In this blog post, I am going to assume that the reader has a good understanding of the Vision Transformer (ViT) architecture. Please refer to this blog for an introduction to ViT architecture.

Introduction

Ever since the release of Vision Transformer, a large number of other architectures have also been introduced such as DeiT, CaiT, TnT, Swin Transformers, DETR, Visformer, BoTNet, HaloNet & more - that have utilized the Transformer and applied it to the field of computer vision.
But IMHO, we are still a bit further away from seeing self-attention as a complete replacement for convolutional neural networks. From what I've seen and read so far, the best model performance comes from getting the best of both worlds - using both self-attention (in the earlier part) and convolutions (in the latter part) of the model architectures. Allow me to explain:
As Cordonnier, Loukas and Jaggi have shown in their work - On the Relationship between Self-Attention and Convolutional Layers, a self-attention layer with N_h heads can express a convolution of kernel size \sqrt{N_h} if each head focuses on the pixels in the kernel patch. While this is theoretical evidence that self-attention can completely replace convolutions, practically speaking, the best results in Visformer, BoTNet, Stand-Alone Self-Attention in Vision Models were noted when both convolutional and self-attention layers were utilized. A common theme to use convolutional layers in the early parts of the network and self-attention layers in the later parts of the network can be noticed.
The ConViT research paper also builds on top of this insight and replaces the first 10 self-attention layers of the Vision Transformer with gated positional self-attention (GPSA) layers - which upon initialization act as convolutional layers and based on a gating parameter can convert to self-attention layers.
Doing so makes the earlier part of the network upon initialization behave as a convolutional neural network with the option to turn into a fully self-attention-based network based on the gating parameter which is learned via model training.
As part of this blog post, we are going to be looking into the ConViT architecture in detail and also look at how the GPSA layers are different from self-attention (SA) layers.

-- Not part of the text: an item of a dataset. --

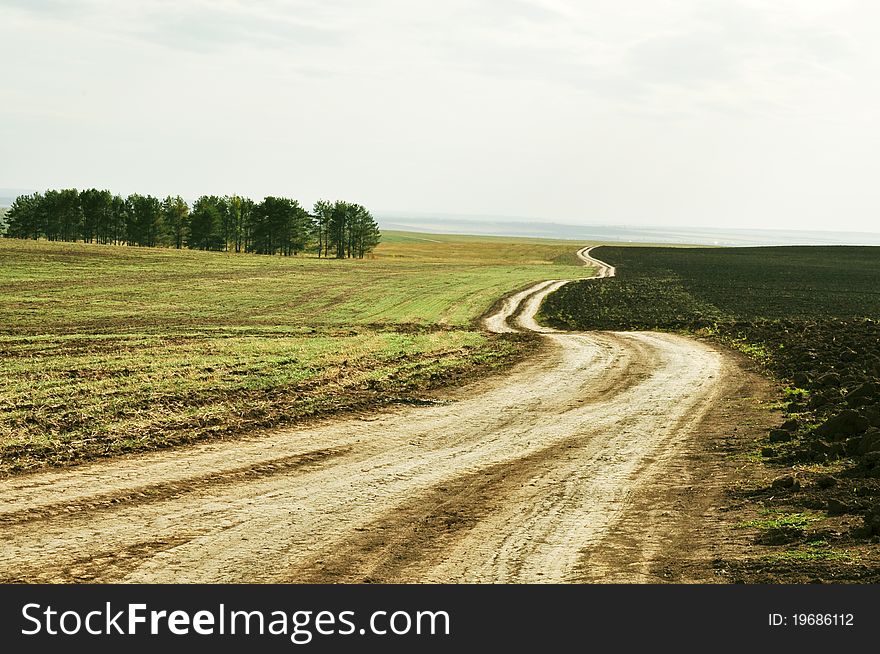 Landscaping, country way, arable land and bright trees in the distance, bend, intertwining. Landscaping, country way, arable land and bright trees in the distance, bend, intertwining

Transformers vs Convolutions - is there any middle ground?

Recently, the success of ViT demonstrates that the transformer architecture can be extremely powerful in data-plentiful regimes (when there is huge amounts of data available). The ViT architecture requires pretraining on huge amounts of data - JFT-300M or ImageNet-21k datasets. This is not always possible as practitioners might have sufficient hardware required to perform this pretraining.
On the other hand, we know that convolutional models such as EfficientNets, can have a strong performance on fewer data as well. For example, EfficientNet-B7 was able to achieve 84.7% top-1 accuracy without any external pretraining.
The practitioner is therefore confronted with a dilemma between using a convolutional model, which has a higher performance floor but a lower performance ceiling, or a self-attention-based model, which has a lower performance floor but a higher ceiling.
This leads us to the question - "can one get the best of both worlds?"
In this direction, we have seen two successful approaches before ConViT -
  1. A "hybrid" model that uses convolutional layers in the earlier layers followed by self-attention. Hybrid ViT, BotNet, Visformer are all examples of this approach.
  2. Use knowledge distillation with a convolutional-based model as a teacher model. DeiT is an example of using this appraoch. Architectures such as CaiT have also used utilized this approach for higher ImageNet top-1 accuracy. But, this approach depends on having a strong teacher model available - which might not always be the case.
This brings us to the key question - is there any middle ground between convolutions and self-attention? And the answer is yes! It's ConViT!

Key Contributions

In ConViT, the researchers take a new step in bridging the gap between CNNs and Transformers, and key contributions are:
  1. A new form of self-attention layer named gated positional self-attention (GPSA) layer.
  2. ConViT outperforms DeiT and offers an improved sample-efficiency. (figure-2 below)
  3. Researchers performed ablations to investigate the inner workings of ConViT. These answer some key questions about Transformers in vision.
Figure-1: The ConViT architecture outperforms DeiT in both sample and parameter efficiency.
Having looked at the key contributions, next we will look at the model architecture where we look at the GPSA layers in detail.

ConViT Architecture

From the paper,
The ConViT is simply a ViT, where the first 10 blocks replace SA layers by a GPSA layer with convolutional initialization.
What? Really?! That makes things easy for us to understand. As long we understand ViT and GPSA, we are good.
Figure-2: The ConViT architecture
As can be seen in Figure-2 above, the ConViT architecture uses gated position self-attention (GPSA) layers in the earlier part of the network followed by self-attention (SA) layers in the later part of the network.
For an introduction to ViT, refer here. We look at the gated positional self-attention (GPSA) layer in detail next.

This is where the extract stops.